§ **What to produce**:
From the data below, return the exact lines starting at the line containing "Mountain Lake River" and ending at the line containing "Zeus looking to", both included, and nothing else.

(Stored dataset items)
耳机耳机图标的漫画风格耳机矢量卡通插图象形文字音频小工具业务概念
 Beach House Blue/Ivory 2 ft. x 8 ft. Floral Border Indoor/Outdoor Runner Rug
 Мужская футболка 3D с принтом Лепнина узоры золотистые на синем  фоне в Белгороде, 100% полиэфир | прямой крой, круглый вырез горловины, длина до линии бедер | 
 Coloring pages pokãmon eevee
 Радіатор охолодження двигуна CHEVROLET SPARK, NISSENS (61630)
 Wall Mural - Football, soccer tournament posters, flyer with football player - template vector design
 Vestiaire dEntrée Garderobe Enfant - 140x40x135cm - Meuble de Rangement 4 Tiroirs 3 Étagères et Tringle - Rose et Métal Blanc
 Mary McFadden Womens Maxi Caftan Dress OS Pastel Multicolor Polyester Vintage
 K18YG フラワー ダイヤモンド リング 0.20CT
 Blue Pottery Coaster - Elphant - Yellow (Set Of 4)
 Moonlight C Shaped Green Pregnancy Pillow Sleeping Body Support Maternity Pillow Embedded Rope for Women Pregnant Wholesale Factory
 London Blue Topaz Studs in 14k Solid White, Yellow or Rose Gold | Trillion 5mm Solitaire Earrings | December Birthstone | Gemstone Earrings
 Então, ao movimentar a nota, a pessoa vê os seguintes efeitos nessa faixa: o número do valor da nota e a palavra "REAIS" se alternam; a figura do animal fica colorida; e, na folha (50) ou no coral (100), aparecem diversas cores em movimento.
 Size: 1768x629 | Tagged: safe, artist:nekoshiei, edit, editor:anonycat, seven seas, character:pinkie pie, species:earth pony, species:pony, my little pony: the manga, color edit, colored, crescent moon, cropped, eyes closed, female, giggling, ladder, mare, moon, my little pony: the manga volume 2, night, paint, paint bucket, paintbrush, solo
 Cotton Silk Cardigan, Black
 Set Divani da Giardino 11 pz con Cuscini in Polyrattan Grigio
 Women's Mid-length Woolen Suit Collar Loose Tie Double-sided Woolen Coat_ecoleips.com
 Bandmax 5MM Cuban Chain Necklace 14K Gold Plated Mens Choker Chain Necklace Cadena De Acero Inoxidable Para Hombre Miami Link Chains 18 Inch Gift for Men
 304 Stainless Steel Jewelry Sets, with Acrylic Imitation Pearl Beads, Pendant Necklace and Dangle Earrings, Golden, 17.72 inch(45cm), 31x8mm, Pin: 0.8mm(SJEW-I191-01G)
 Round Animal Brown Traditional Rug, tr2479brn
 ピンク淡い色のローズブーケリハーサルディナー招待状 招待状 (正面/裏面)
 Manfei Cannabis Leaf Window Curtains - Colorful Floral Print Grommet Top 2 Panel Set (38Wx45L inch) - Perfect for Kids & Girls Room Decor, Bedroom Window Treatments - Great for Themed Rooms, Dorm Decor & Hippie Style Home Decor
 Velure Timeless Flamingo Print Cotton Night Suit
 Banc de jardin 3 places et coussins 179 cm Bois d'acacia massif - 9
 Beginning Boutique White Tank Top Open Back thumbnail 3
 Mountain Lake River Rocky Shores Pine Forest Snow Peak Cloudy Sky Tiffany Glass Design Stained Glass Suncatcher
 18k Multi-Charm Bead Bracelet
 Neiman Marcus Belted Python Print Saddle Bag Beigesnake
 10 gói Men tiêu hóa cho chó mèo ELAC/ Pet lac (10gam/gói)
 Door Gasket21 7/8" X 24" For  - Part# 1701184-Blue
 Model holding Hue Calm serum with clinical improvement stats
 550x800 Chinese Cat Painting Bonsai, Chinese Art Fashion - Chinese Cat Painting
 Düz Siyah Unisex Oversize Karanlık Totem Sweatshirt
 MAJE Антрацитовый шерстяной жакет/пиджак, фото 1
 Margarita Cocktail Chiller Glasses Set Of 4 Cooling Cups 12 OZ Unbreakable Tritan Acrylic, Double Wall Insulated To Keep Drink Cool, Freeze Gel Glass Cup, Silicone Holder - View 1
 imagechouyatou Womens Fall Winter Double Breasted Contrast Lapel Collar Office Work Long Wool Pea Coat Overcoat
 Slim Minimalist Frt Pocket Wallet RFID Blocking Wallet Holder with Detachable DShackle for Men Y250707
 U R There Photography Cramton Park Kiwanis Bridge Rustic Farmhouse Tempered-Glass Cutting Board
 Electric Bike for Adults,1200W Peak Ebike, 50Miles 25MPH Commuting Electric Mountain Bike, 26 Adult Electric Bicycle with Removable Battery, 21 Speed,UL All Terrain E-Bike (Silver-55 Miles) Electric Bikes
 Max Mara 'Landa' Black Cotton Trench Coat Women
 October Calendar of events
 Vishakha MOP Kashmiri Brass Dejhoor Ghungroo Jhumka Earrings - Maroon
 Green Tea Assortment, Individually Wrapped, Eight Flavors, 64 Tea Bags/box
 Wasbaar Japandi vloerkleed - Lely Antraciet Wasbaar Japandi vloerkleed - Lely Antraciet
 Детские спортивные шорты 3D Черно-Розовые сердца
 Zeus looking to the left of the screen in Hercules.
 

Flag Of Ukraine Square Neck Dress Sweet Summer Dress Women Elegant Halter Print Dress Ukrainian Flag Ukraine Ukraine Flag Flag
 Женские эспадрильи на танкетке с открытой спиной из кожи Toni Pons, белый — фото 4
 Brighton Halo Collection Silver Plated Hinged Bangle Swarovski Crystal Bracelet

§ **Answer box**:
 Mountain Lake River Rocky Shores Pine Forest Snow Peak Cloudy Sky Tiffany Glass Design Stained Glass Suncatcher
 18k Multi-Charm Bead Bracelet
 Neiman Marcus Belted Python Print Saddle Bag Beigesnake
 10 gói Men tiêu hóa cho chó mèo ELAC/ Pet lac (10gam/gói)
 Door Gasket21 7/8" X 24" For  - Part# 1701184-Blue
 Model holding Hue Calm serum with clinical improvement stats
 550x800 Chinese Cat Painting Bonsai, Chinese Art Fashion - Chinese Cat Painting
 Düz Siyah Unisex Oversize Karanlık Totem Sweatshirt
 MAJE Антрацитовый шерстяной жакет/пиджак, фото 1
 Margarita Cocktail Chiller Glasses Set Of 4 Cooling Cups 12 OZ Unbreakable Tritan Acrylic, Double Wall Insulated To Keep Drink Cool, Freeze Gel Glass Cup, Silicone Holder - View 1
 imagechouyatou Womens Fall Winter Double Breasted Contrast Lapel Collar Office Work Long Wool Pea Coat Overcoat
 Slim Minimalist Frt Pocket Wallet RFID Blocking Wallet Holder with Detachable DShackle for Men Y250707
 U R There Photography Cramton Park Kiwanis Bridge Rustic Farmhouse Tempered-Glass Cutting Board
 Electric Bike for Adults,1200W Peak Ebike, 50Miles 25MPH Commuting Electric Mountain Bike, 26 Adult Electric Bicycle with Removable Battery, 21 Speed,UL All Terrain E-Bike (Silver-55 Miles) Electric Bikes
 Max Mara 'Landa' Black Cotton Trench Coat Women
 October Calendar of events
 Vishakha MOP Kashmiri Brass Dejhoor Ghungroo Jhumka Earrings - Maroon
 Green Tea Assortment, Individually Wrapped, Eight Flavors, 64 Tea Bags/box
 Wasbaar Japandi vloerkleed - Lely Antraciet Wasbaar Japandi vloerkleed - Lely Antraciet
 Детские спортивные шорты 3D Черно-Розовые сердца
 Zeus looking to the left of the screen in Hercules.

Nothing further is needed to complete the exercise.